It's becoming a little confusing to me as to what is being said here.
If the remote and TIU and Z4000 and the separate track have been operating the engine properly ........then it has to be some issue with the layout.🤔
I have about 200 some odd feet of Realtrack on my layout using DCS ,TIU, handheld remote and 2 loops with each loop having a seperate Z1000. All lighting on 17 switches and switch controllers along with 3 four car passengers car trains and 10 cabooses are all electrified with LEDs .......and 21 engines lined up with that "watch dog " signal ready to use. I can in almost every case add a new MTH engine with no problem with the system totally up.
You were saying that you sanded the rails and used alcohol to cleaned up the masking tape residue ............my experience with tape residue cleanup only worked with my less dangerous Zippo ( and only Zippo brand ) lighter fluid. Alcohol was only partially useful .........lacquer thinner or acetate is really good at cleanup but extremely flammable and should be done with extreme caution with NO presence of SPARKING or OPEN FLAME any where. ( i would rather not say why i know this.😨 ) Also do not get sloppy with this application as it will dissolve plastics and paint.

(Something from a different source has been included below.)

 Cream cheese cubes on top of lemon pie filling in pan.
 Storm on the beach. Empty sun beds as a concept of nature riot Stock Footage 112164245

You seem to have a lot of bases covered so I don't know where else to go with this. 🤔
@AGHRMatt posted:
I'd stick with the Deats filter values, 47 ohm is a little stiff for the DCS signal, you may end up doing more damage than good by attenuating the signal. The 220 ohm resistor specified on the page below is plenty of load to tame the signal reflections.
Filter for MTH-Controlled (DCS) Model Train Layouts
GRJ, I think Matt just picked a picture of a DCC snubber? I also like Susan's filters as they seem to do the job for DCS. She posted the info (shared) and did not charge for the advice. Bulbs of the correct value can also be used. Some users prefer the bulbs for the old fashioned effect. I don't like the wasted power draw or heat they give off.

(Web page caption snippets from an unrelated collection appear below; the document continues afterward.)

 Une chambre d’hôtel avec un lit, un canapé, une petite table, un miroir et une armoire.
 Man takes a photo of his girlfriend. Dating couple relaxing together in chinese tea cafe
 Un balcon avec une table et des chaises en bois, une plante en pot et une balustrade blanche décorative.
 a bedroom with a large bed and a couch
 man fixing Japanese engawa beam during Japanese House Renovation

(ALL) We are not at the OP's house and can only guess at what's happening. I personally don't like the way it's wired but I have heard of other successful attempts using it. So I adjust my method to what he has, what he's shared, and what might be the best way forward. I may not be correct here. I'm just offering free help as another DCS user.
If the rails are dirty, all advice about signal is for naught.
@gunrunnerjohn posted:I'd stick with the Deats filter values, 47 ohm is a little stiff for the DCS signal, you may end up doing more damage than good by attenuating the signal. The 220 ohm resistor specified on the page below is plenty of load to tame the signal reflections.
Filter for MTH-Controlled (DCS) Model Train Layouts
Actually, I did both. I went with the 100-Ohm first and it worked well, but it worked just as well with the 220.
Anyone know of a source that has them in stock?
You can make your own using the values on Susan's pages. She did sell some before if I remember correctly? She may still sell them already made for you here?
https://www.slsprr.net/technical/filter-order.htm
It's a resistor and a cap, it's not exactly rocket science to make them.
Can't do fine work like that that anymore. Old art has a hold on me.
Ray 4449 says put the drops every 10 feet, Jim Barrett in backstop O guage railroading says one drop. Proto 1 and a lionel 6-8-6 engine run perfectly without dcs. I powered the track from 1 connector without any response. The TIU lights and blinks. New batteries,clean track, and a boatload of profanities will not get any response from the remote to the track. I cut the center rail without any change. If the resistor and cap help,are they capable of creating a signal? Manual is worthless as to troubleshooting. Help!
Barry's book of DCS is the reference most of us go by.
https://mthtrains.shptron.com/...k-3rd-edition-e-book
I have tried Ray's wiring pattern and it didn't work for me. I do follow the rest of his advice.
I'd guess that it's the wiring messing up the signal. That's just a guess. We aren't there and only get what you give us to work with.
I'd say you need filters at the track block connections, and that's just a guess. I take my main loops and divide them into quarters. One pair of wires goes to each quarter at one end. A filter is placed at the other end if an older TIU is used. Too much track or too many joints can wreak the signal (and the power). Too many wire connections and/or using the wrong wire can also wreak the signal (and the power).
You may have a bad or weak TIU channel. You reported back that you got a signal of ten with a piece of track so I have to guess that the TIU is ok. Something else is wrong here.
You could divide the layout and use more than one TIU channel to it. If you use one power pack, you just use jumpers on the TIU input side.
Make sure you are powering the TIU properly. Make sure you are using a proper (for DCS) power supply to the track.
What exactly are you using for power?
What is the exact engine model number?
Have you removed everything else from power?